Итак, если ты не боишься геенны, человек, то побойся хоть их чар. В самом деле, когда ты таким распутством удалишь от себя помощь Божию и лишишься небесной защиты, то блудница без всякого страха возьмет тебя и, призвав своих демонов, написав листочки и подстроив козни, с великой легкостью погубит твое спасение и сделает тебя позором и посмешищем для всех живущих в городе.
Итак, если ты хочешь найти увеселение, то иди не в театр, а в рощи, к текущей реке, на озера, в сады, слушай поющих кузнечиков, чаще посещай гробницы мучеников, где здравие для тела и польза для души, и никакого вреда. У тебя есть жена, есть дети? Что может равняться с таким удовольствием? У тебя есть дом, есть друзья? Это доставляет большое удовольствие, и вместе с целомудрием приносит и пользу. Скажи мне, что приятнее детей? Что милее жены для того, кто желает жить целомудренно?

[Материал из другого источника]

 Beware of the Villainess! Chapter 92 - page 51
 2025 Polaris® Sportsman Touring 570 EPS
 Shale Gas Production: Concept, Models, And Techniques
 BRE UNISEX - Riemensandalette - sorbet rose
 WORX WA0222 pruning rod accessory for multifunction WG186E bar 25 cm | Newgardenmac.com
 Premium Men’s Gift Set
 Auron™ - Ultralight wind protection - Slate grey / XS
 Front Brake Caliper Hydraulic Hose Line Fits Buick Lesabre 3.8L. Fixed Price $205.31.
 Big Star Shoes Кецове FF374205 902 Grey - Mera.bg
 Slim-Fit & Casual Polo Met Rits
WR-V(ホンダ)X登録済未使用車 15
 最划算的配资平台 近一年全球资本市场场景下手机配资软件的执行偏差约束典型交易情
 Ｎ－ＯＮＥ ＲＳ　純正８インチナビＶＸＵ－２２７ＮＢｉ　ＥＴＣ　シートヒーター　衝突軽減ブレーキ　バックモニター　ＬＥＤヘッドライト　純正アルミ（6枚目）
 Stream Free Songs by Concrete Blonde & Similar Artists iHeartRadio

Говорят, что варвары когда-то сказали полное мудрости слово. Римляне, — сказали они, услышав об этих нечестивых театрах и неприличных увеселениях, — придумали такие удовольствия, как будто не имея жен и детей. Когда ты увидишь миловидную женщину с молниеносными очами, с весело сияющим лицом, с дивной красотой, которая сжигает твой ум и распаляет похоть, то подумай, что то, чему ты удивляешься и что разжигает тебя, есть лишь земля и пепел, и душа перестанет неистовствовать. Сними кожу с лица этой женщины, и тогда увидишь все ничтожество красоты.
Не останавливайся на одной внешности, а проникни мыслью внутрь, и ты не найдешь ничего другого, кроме костей, нервов и жил. Но этого недостаточно? Представь же себе, как эта женщина изменяется, стареет, делается немощной, как вваливаются глаза, становятся впалыми щеки, как исчезает вся ее красота. Подумай, чему ты удивляешься, и постыдись своего суждения. Ты удивляешься глине и пыли; прах и пепел разжигают тебя.
В самом деле, сущность видимой красоты составляет ничто иное, как мокрота, влага, кровь и сок пережеванной пищи. Ими орошаются и глаза, и щеки, и все прочее; и если ежедневно они не получают этого орошения, идущего от желудка и сердца, то вся красота лица тотчас же исчезает, так как щеки делаются слишком впавшими, а глаза глубоко ввалившимися. Если, таким образом, ты подумаешь, что скрывается за прекрасными глазами, что за прямым носом, что за устами и щеками, то скажешь, что телесная красота представляет ничто иное, как побеленный гроб: так полна она изнутри нечистоты.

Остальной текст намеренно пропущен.